# Extracted data entries:
Content starts
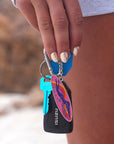 Hand holding a keychain with colourful JAYD Swimwear 'dive in with confidence' keychain attached.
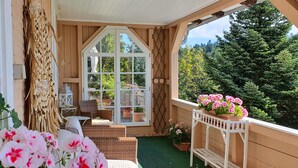 Een gezellig balkon met rieten meubels, een witte stoel en bloempotten.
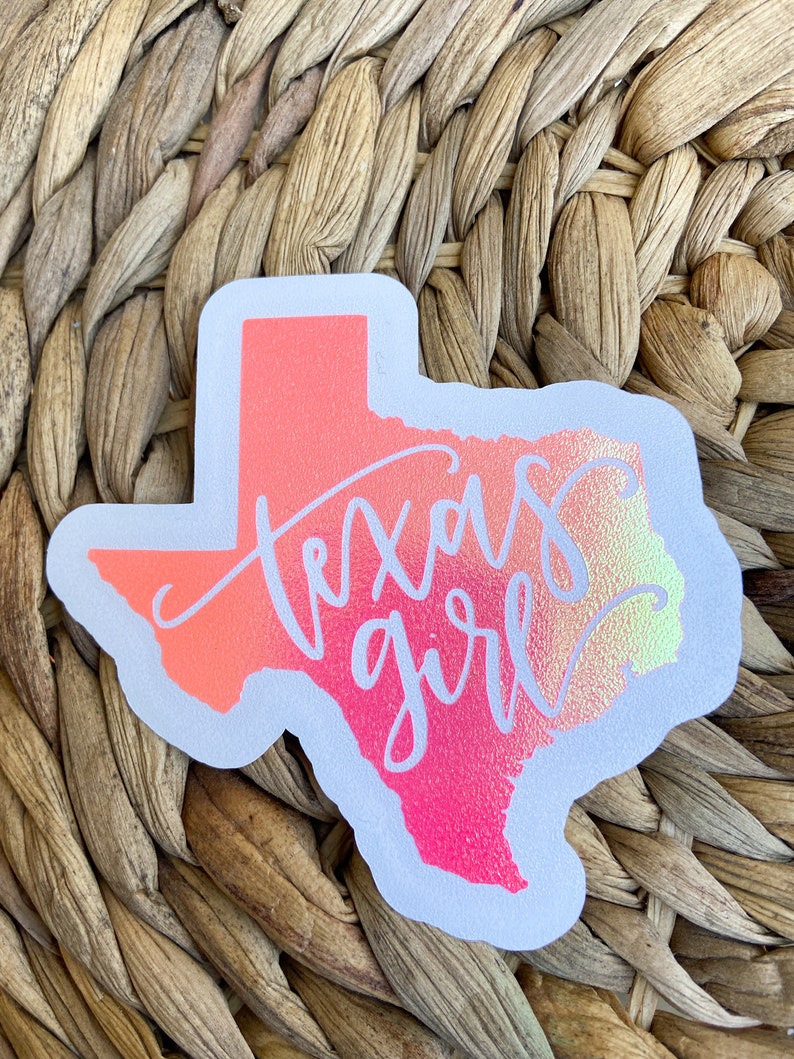May include: A sticker in the shape of the state of Texas, with a gradient of pink, orange, and yellow. The words "Texas girl" are written in a cursive font across the state. The sticker has a white border.
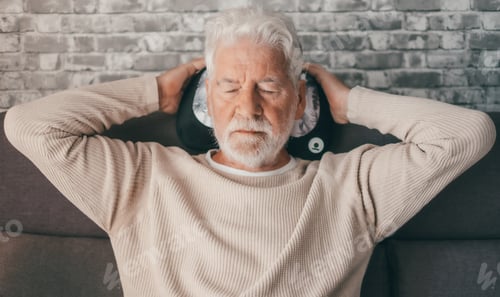 Preview: Handsome senior man sitting on the couch with a massage pillow behind his head, closed eyes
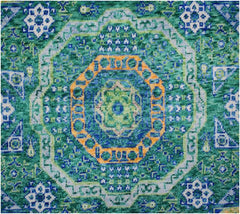 Handmade Afghan Chobi rug featuring a complex geometric medallion in shades of green and orange.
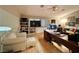 Bright living room boasts hardwood floors, built-in bookshelves, and a large desk at 1753 Tanner Cir, Henderson, NV 89012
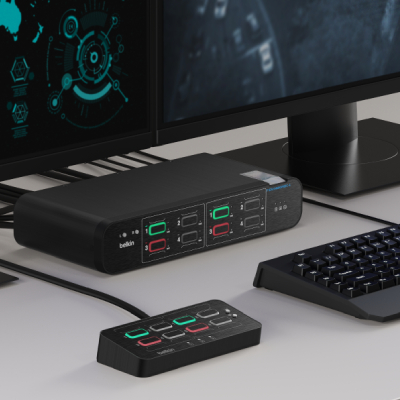 Black Belkin KVM switch and control panel on a desk setup, connected to dual monitors and a keyboard, with illuminated red and green port indicators.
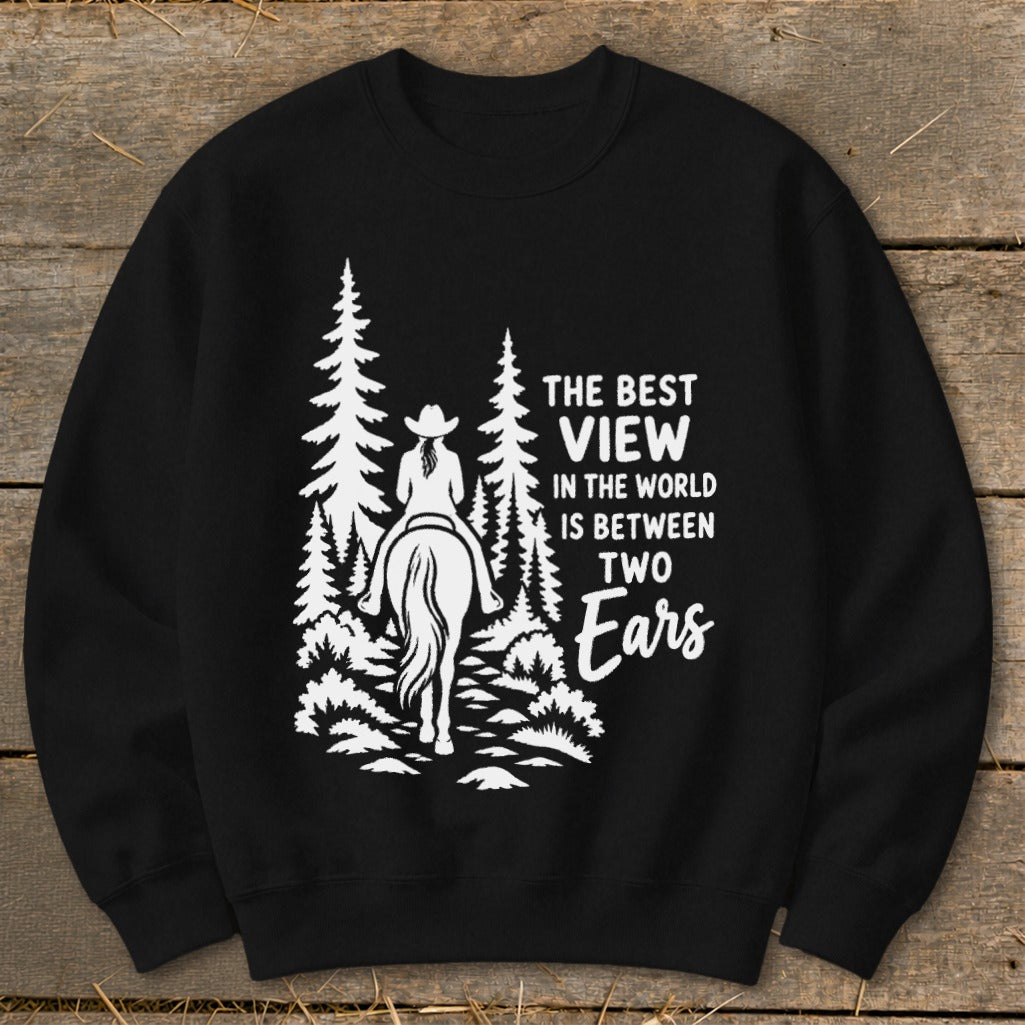 A black crewneck sweatshirt features a white graphic of a horseback rider in a forest with the text The Best View in the World Is Between Two Ears.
Content ends
# Your objective:
Excerpt from the records above: set down only the lines from the one that contains "Een gezellig balkon" through the one that contains "May include: A", inclusive, word for word. Pictures stay out.

# Reply to the exercise:
 Een gezellig balkon met rieten meubels, een witte stoel en bloempotten.
May include: A sticker in the shape of the state of Texas, with a gradient of pink, orange, and yellow. The words "Texas girl" are written in a cursive font across the state. The sticker has a white border.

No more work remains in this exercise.